Boston Foreclosures Pushed Discounts on 35 Percent of Lists

by Peter Vernon on cities

Boston foreclosures pushed home prices down and drove the city to become third in a ranking of U.S. cities with the biggest percentage of homes sold with price discounts as of the start of December, based on listings tracked by a real estate research company.

Home price discounts were reported on about 35 percent of all properties on home listings in the area. The average price discount experienced by all listings tracked was 8 percent, with total asking prices reduced by about $37.7 million in the most recent sales.

Nationwide, the prices of 22 percent of houses for sale had been reduced by an average of 12 percent, with Minneapolis having the biggest percentage of listings with price discounts.

The real estate company also reported that luxury houses priced above $2 million were sold with an average discount of 14 percent, higher than the 10-percent average discount for homes priced below $2 million.

Luxury homes priced above $2 million comprised only two percent of all home listings tracked by the research firm, but they made up 26 percent of total price reductions which has reached $24.7 billion.

Another report from Moody’s Economy.com also showed the downward pressure of Boston foreclosures on home prices. Economy.com predicted that in the next few years, home prices will continue to fall and that millions of households will become underwater.

Economy.com estimated that the median house price in Boston in the last quarter this year would be $309,000 and that it would bottom next year in the fourth quarter at $303,000. Nationwide, the report estimated that the median sales price in the last quarter would be $159,000, a drop from the $170,000 median in the previous quarter. It also predicted that the median home sales price will bottom at $146,500 next year in the third quarter.

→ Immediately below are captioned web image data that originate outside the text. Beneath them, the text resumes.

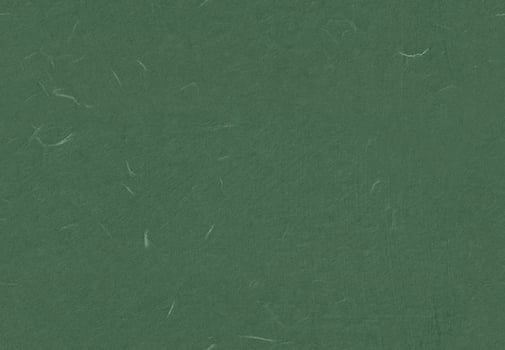 Seamless Decorative Rice Paper Texture for the Background. Mineral Green, Plantation, Stromboli, Goblin Color. photo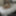 GIFs for Pro-Am scenes 201-205 #29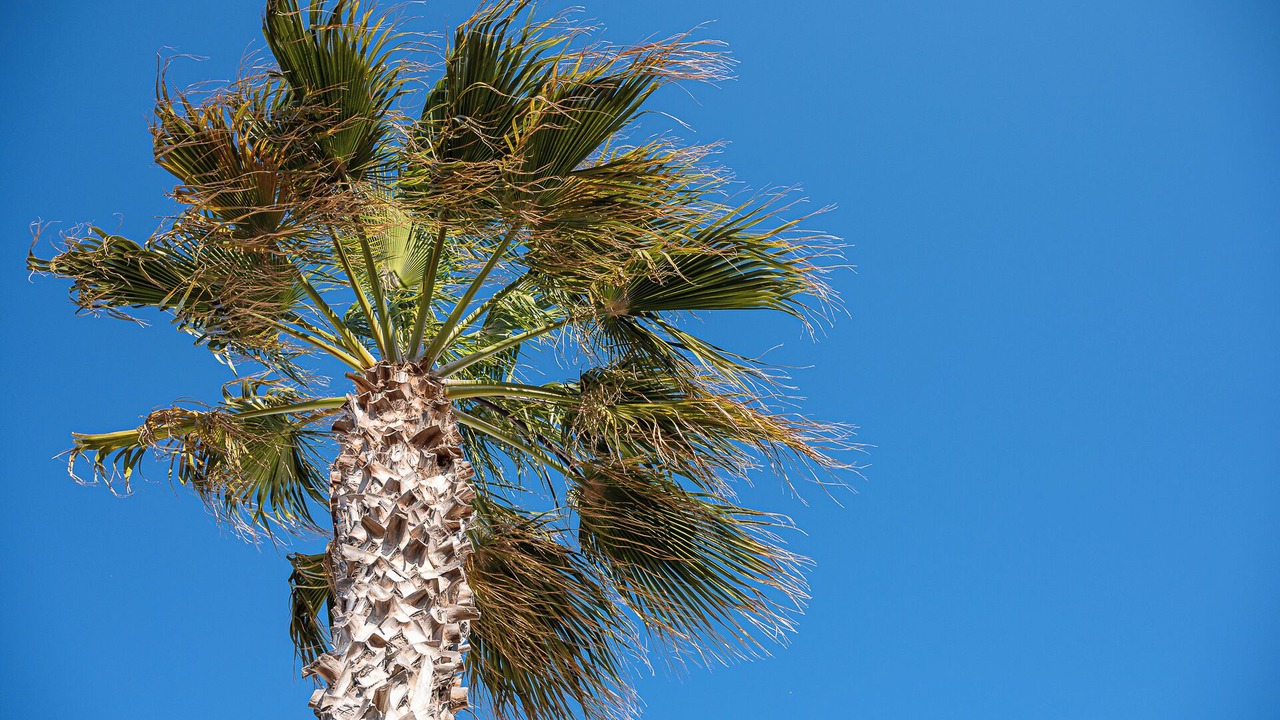 Photo of Outdoor in Agios Ioannis
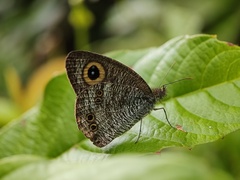 Ypthima baldus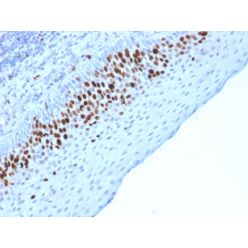 Ki-67 (Proliferating Cell Marker)(MKI67/2463), CF568 conjugate, 0.1mg/mL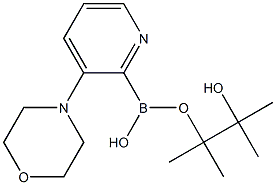 Morpholinopyridine-2-boronic acid pinacol ester Struktur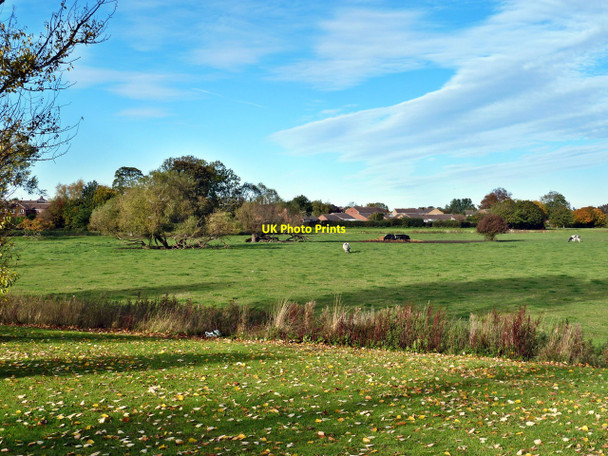 Photo 6"x4" Field Near Haughton le Skerne Great Burdon c2010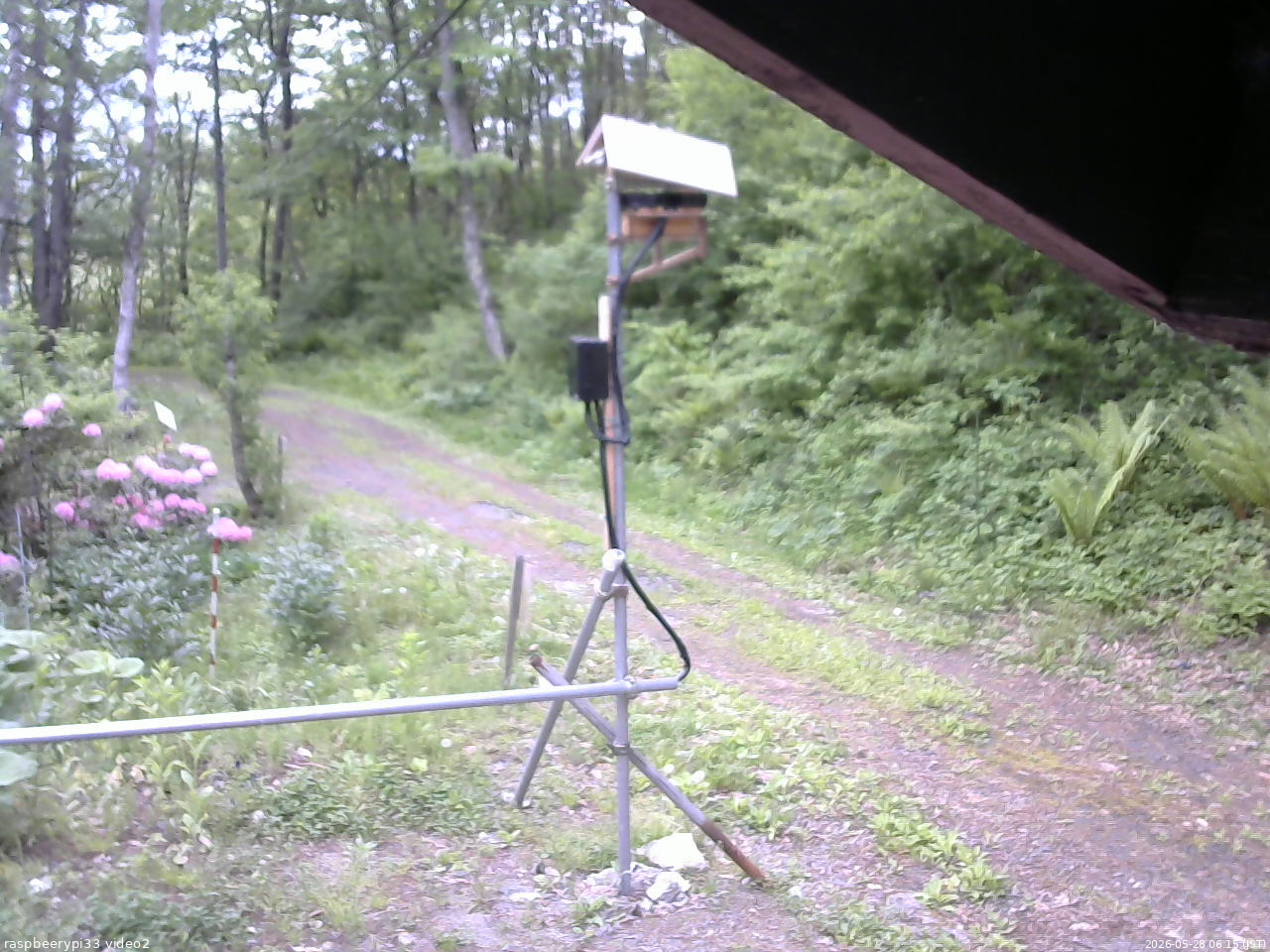 長野県菅平高原 ゆたか山荘 南側 2026/05/28 06:15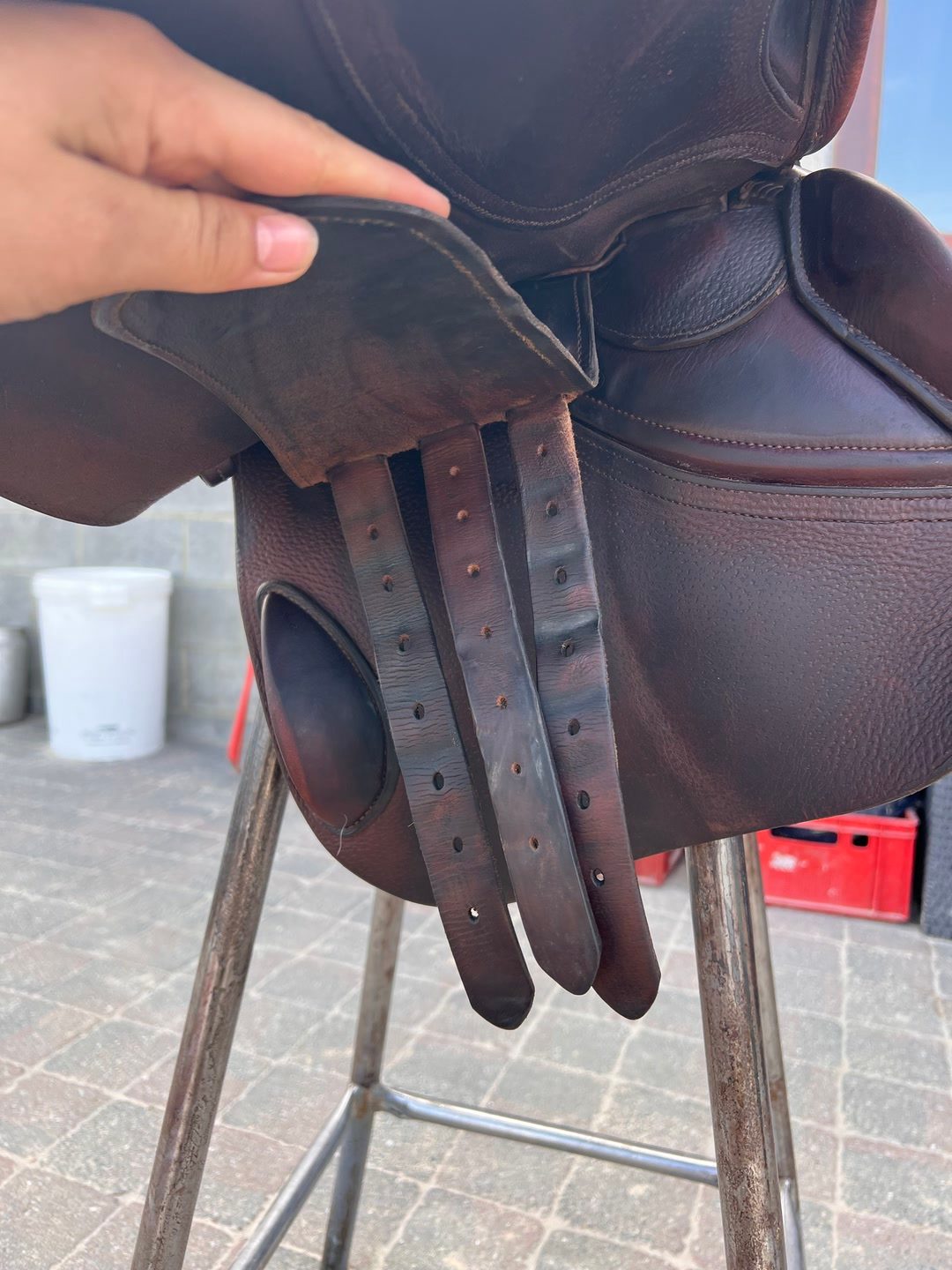 Selle gbs, média 6
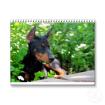 Wunderschöne Dobermannwelpen
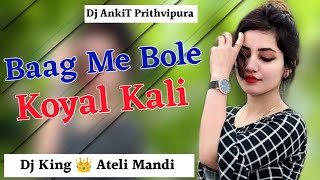 Baag Me Bole Koyal Kali Anjali Raghav New haryanvi Song Remix Oye AnkiT Prithvipura [upl. by Hewitt]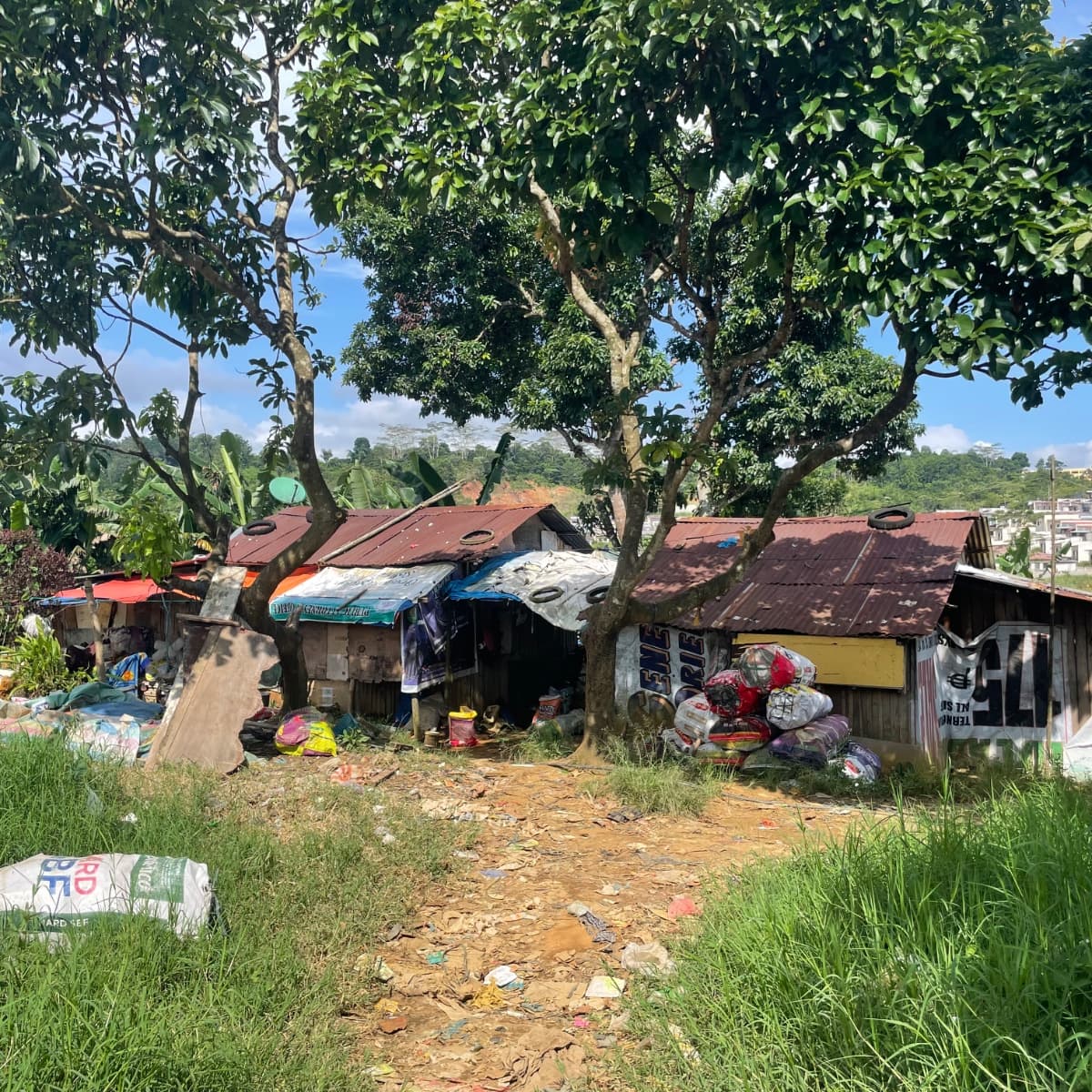 Barangay Papandayan with grown trees five years after the relocation dumpsite.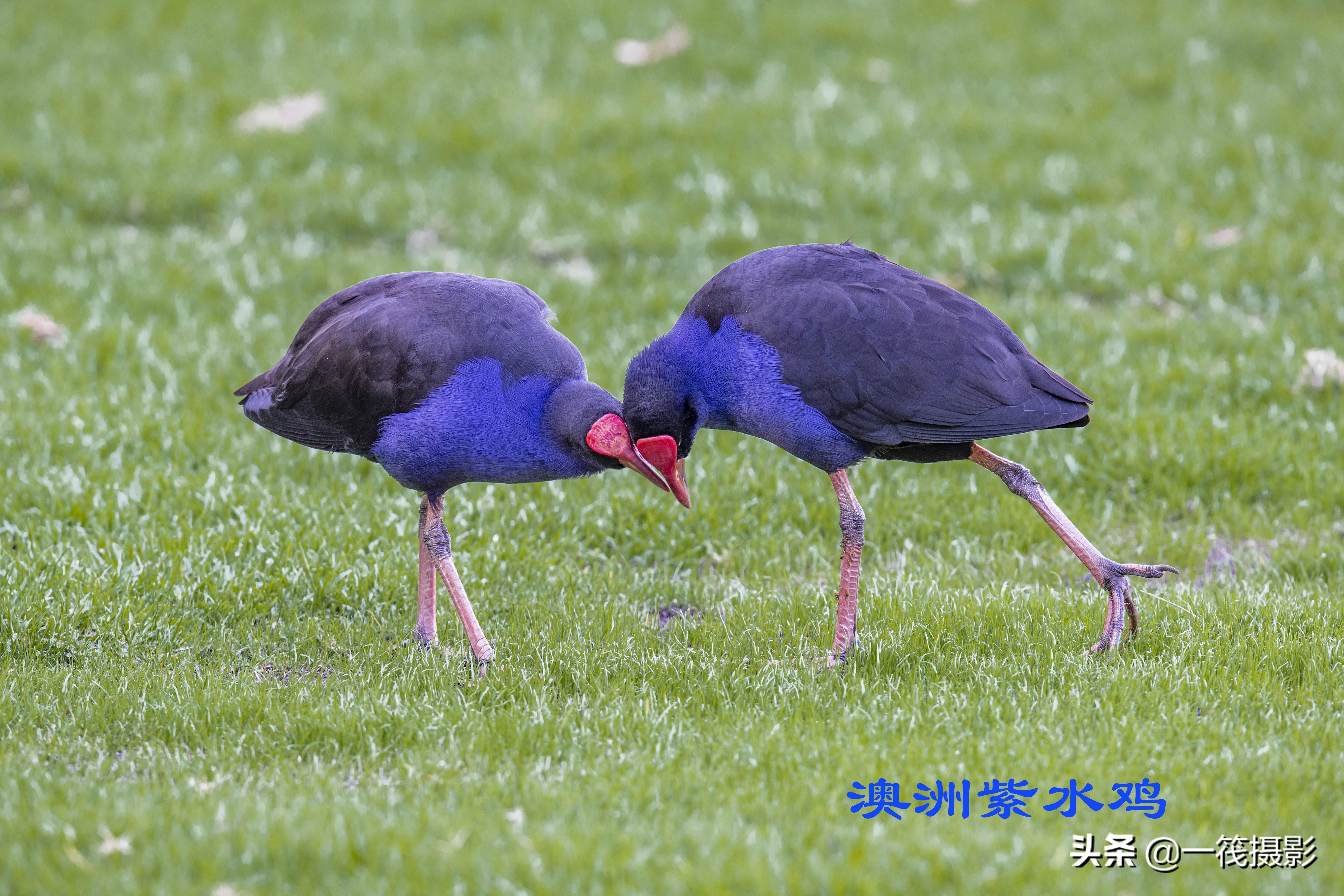 澳洲紫水鸡图片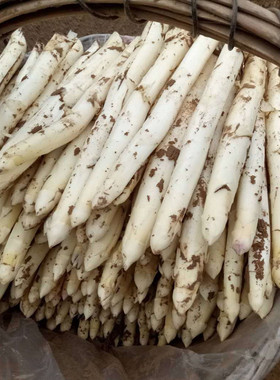 白芦笋鲜嫩当季上市自家龙须菜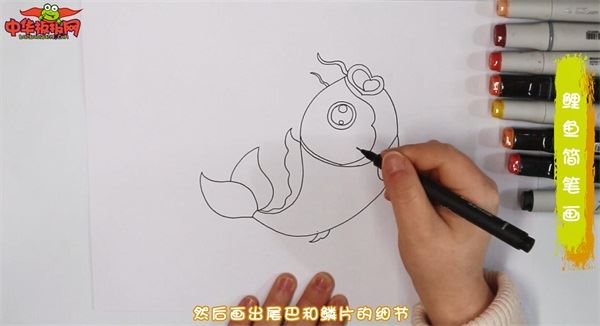 鲤鱼怎么画 鲤鱼简笔画彩色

In contrast, however, a report from another real estate consulting firm stated that Boston performed best among all cities in preserving residential property values. This report said that Boston gained a total of $23 billion in home values, a sharp contrast to the overall loss of nearly $500 billion in home values across the U.S. in 2009.

The report added that Boston was one among only 48 metro-area markets that posted gains in home values out of a total of 154 metropolitan markets tracked this year.